---------- Source data

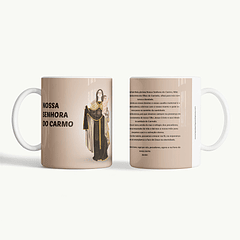 Taza de Nuestra Señora del Carmen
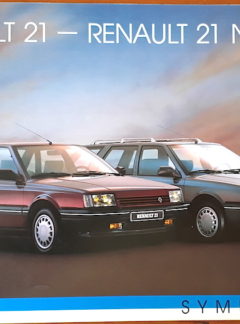 Renault 21 – Renault 21 Nevada Symphonie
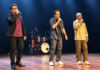 Com sucesso de bilheteria e casa cheia, Roberto Dom, Edu Silvera e Claudinho Maciel reúnem público em noite de música gospel no Rio Os cantores Claudinho Maciel, Edu Silvera e Roberto Dom. Foto: Divulgação.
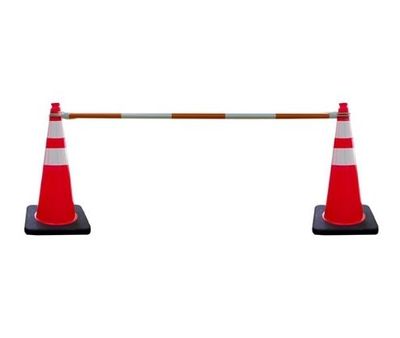 28" Traffic Cone and Cone Bar Bundle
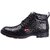 Lee Cooper Mens Black Outdoor Shoes LC 9519 BLACK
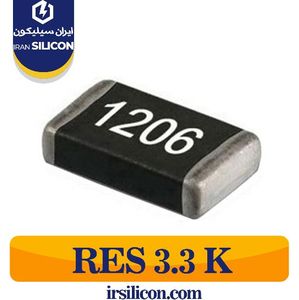 مقاومت 3.3 کیلو اهم SMD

--------------------

*Instructions for the task*. Your job is to repeat every entry exactly, keeping all pictures out of the copy.

*Solution for this problem*.
 Taza de Nuestra Señora del Carmen
 Renault 21 – Renault 21 Nevada Symphonie
 Com sucesso de bilheteria e casa cheia, Roberto Dom, Edu Silvera e Claudinho Maciel reúnem público em noite de música gospel no Rio Os cantores Claudinho Maciel, Edu Silvera e Roberto Dom. Foto: Divulgação.
 28" Traffic Cone and Cone Bar Bundle
 Lee Cooper Mens Black Outdoor Shoes LC 9519 BLACK
 مقاومت 3.3 کیلو اهم SMD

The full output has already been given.